When traffic slows to a crawl and there are no mass-transit alternatives for your destination, by far the fastest mode of transport is a motorbike taxi (or in Thai, "motosai lapjang"). No, those guys in the pink smocks aren't biker gangs; they're motosai cabbies. They typically wear colorful fluorescent yellow-orange vests and wait for passengers at street corners and near shopping malls. Prices are negotiable; negotiate before you ride.
WARNING: Motorcycle accidents are brutally common, and many (tourists and Thai alike)
consider transportation of this sort to be inherently hazardous. Motorcycle
taxis in Bangkok should generally be avoided except as a last resort.
For the unfaint-of-heart, a wild motosai ride can provide a fantastic rush. Imagine weaving through rows of stopped vehicles at 50km/h with mere centimetres to spare on each side, dodging pedestrians, other motorbikes, tuk-tuks, stray dogs and the occasional elephant while the driver blithely ignores all traffic laws and defies even some laws of physics. Now, do the same ride while facing backwards on the bike and balancing a large television on your lap — then you can qualify as a local.
The overwhelming majority of motorcycle taxis do not travel long distances, but simply shuttle up and down long sois (side-streets) not serviced by other transport for a fixed 5-20 baht fare. These are marginally less dangerous, especially if you happen to travel with the flow on a one-way street.
The law requires that both driver and passenger must wear a helmet. It is the driver's responsibility to provide you with one, so if you are stopped by police, any fine is also the driver's responsibility. When riding, keep a firm grasp on the seat handle and watch out for your knees.
Finally, what would Bangkok be without the much-loathed and much-loved tuk-tuks? You'll know them when you hear them, and you'll hate them when you smell them — these three-wheeled contraptions blaze around Bangkok leaving a black cloud of smog in their wake. For anything more than a 5-10 minute jaunt or just the experience, they really are not worth the price — and, if you let them get away with it, the price will usually be 4 or 5 times what it should be anyway (which, for Thais, is around 30% less than the equivalent metered taxi fare). On the other hand, you can sometimes ride for free if you agree to visit touristy clothing or jewelry shops (which give the tuk-tuk driver gas coupons and commissions for bringing customers). The shops' salesmen are
pushy, but you are free to leave after five to ten minutes of browsing. Visitors should beware though, sometimes one stop can turn in to three, and your tuk-tuk driver may not be interested in taking you where you need to go once he has his gas coupons.

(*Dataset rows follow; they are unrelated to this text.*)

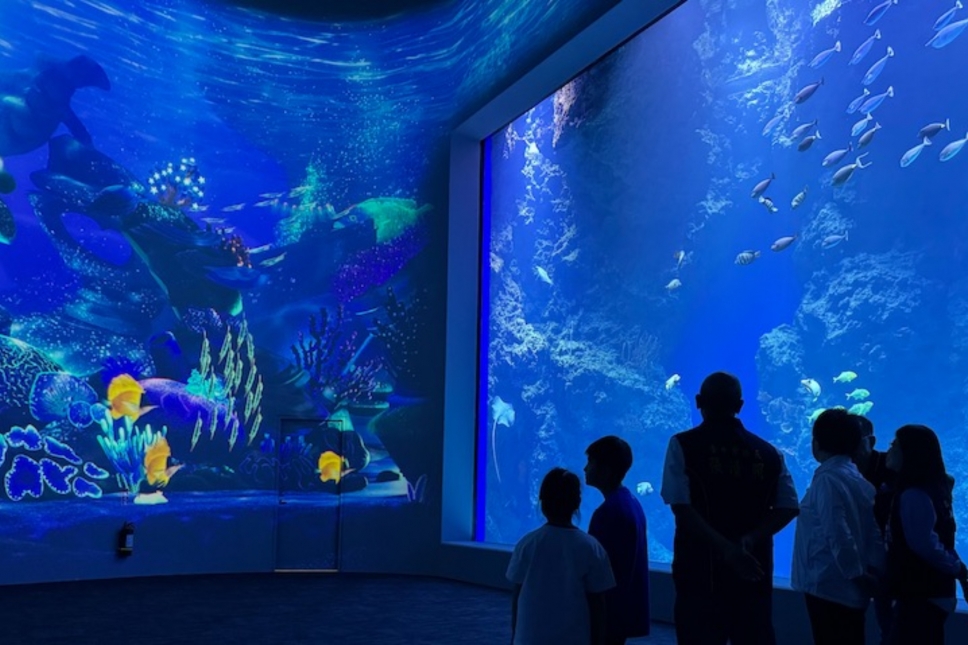 台中海洋館今日盛大開幕!打造中部旅遊最新亮點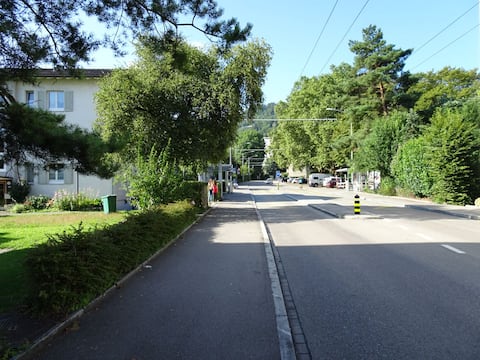 Enjoying the nature in the city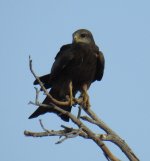 BF Black Kite perched thread.jpg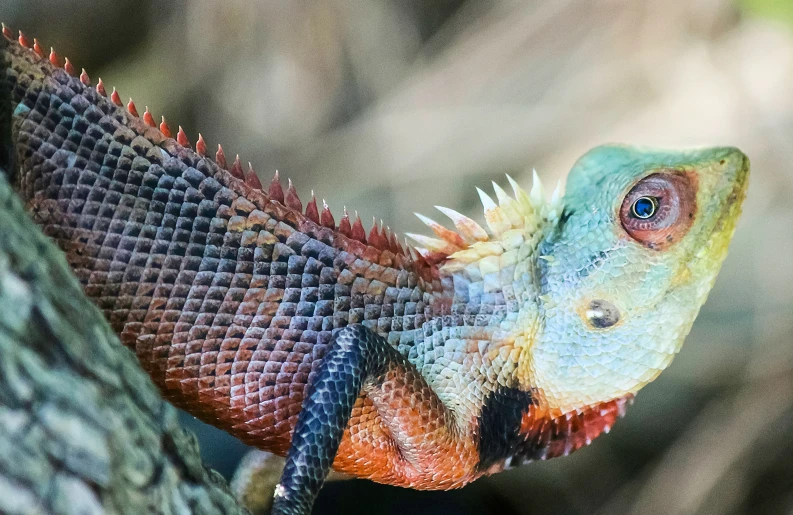 a close - up view of a red and blue lizard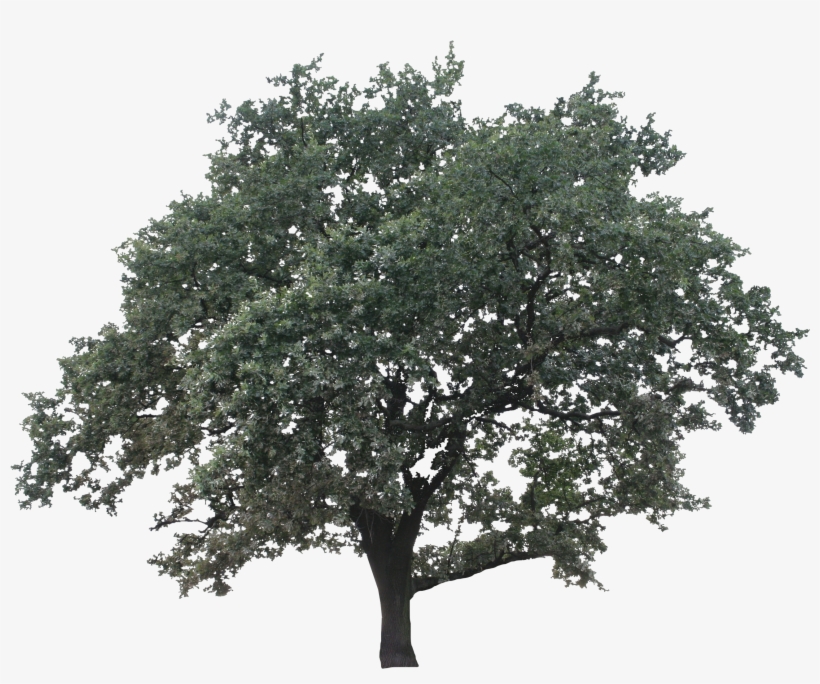 Live Oak Png - Drawing, transparent png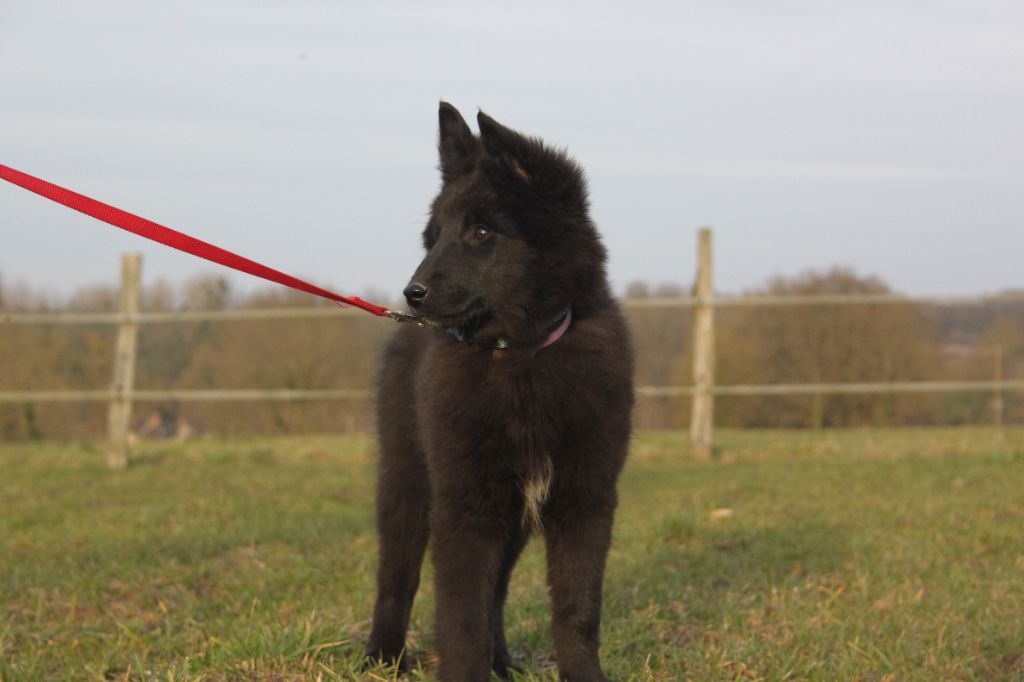 du Domaine de Nox'well - Chiots disponibles - Berger Belge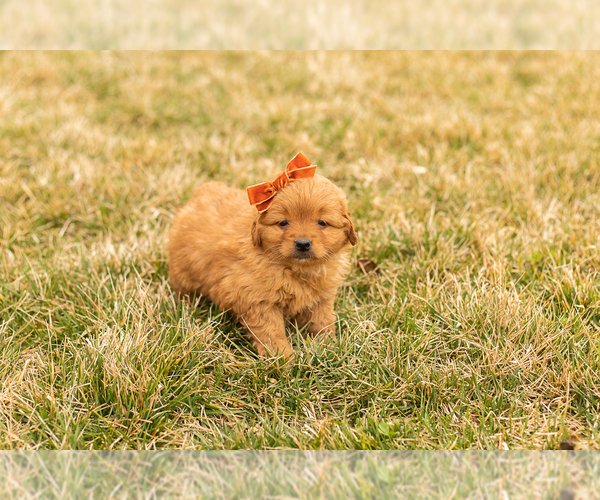 Medium Photo #11 Goldendoodle (Miniature) Puppy For Sale in TOPEKA, IN, USA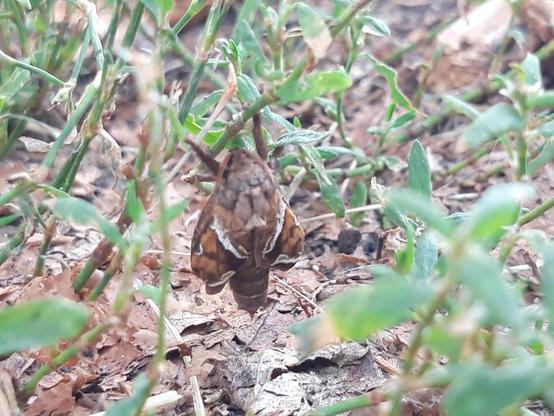 An einem Pflanzenstängel hängt ein Schwärmer, er ist von hinten, schräg oben zu sehen. Die Flügel sind trapezförmig. Die Hauptfarbe ist ein dunkles Orange, ein auffälliger weißer Streifen verläuft je quer über einen der Flügel, kleinere weiße Flecken und ein Streifen sind je auf einem der Flügel, weitere braune Streifen verlaufen zwischen den beiden großen und kleinen weißen Streifen, die den dunkel orangenen Flügeln fast ein geschecktes Muster verleihen. Der Schwanz hängt länglich unter den Flügeln hervor, er ist in drei breitere Segmente unterteilt, die auch eher dunkel gehalten sind, ein heller Querstreifen trennt das letzte vom vorletzten Segment. Die Fühler und Beine sind verschwommen, ein Rüssel ist am Kopf nicht zu erkennen, der Kopf wirkt etwas geizig und bräunlich grau gecheckt.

In case you actually want to get somewhere, and you're an all-male party, be careful with the tuk-tuk drivers, they will usually just ignore your destination and start driving you to some bordello ("beautiful girls"). Insist continually and forcefully on going only to your destination.
There's also a less-heralded, less-colourful and less-touristy version of the tuk-tuk that usually serves the back sois in residential neighborhoods. They usually have four wheels instead of three and resemble a tiny truck / ute / lorry, and they run on petrol instead of LP. The maids and locals tend to use them to return home from market with loads of groceries, or for quick trips if they're available. Negotiate before you get in, but don't expect to go much beyond the edge of that particular neighborhood.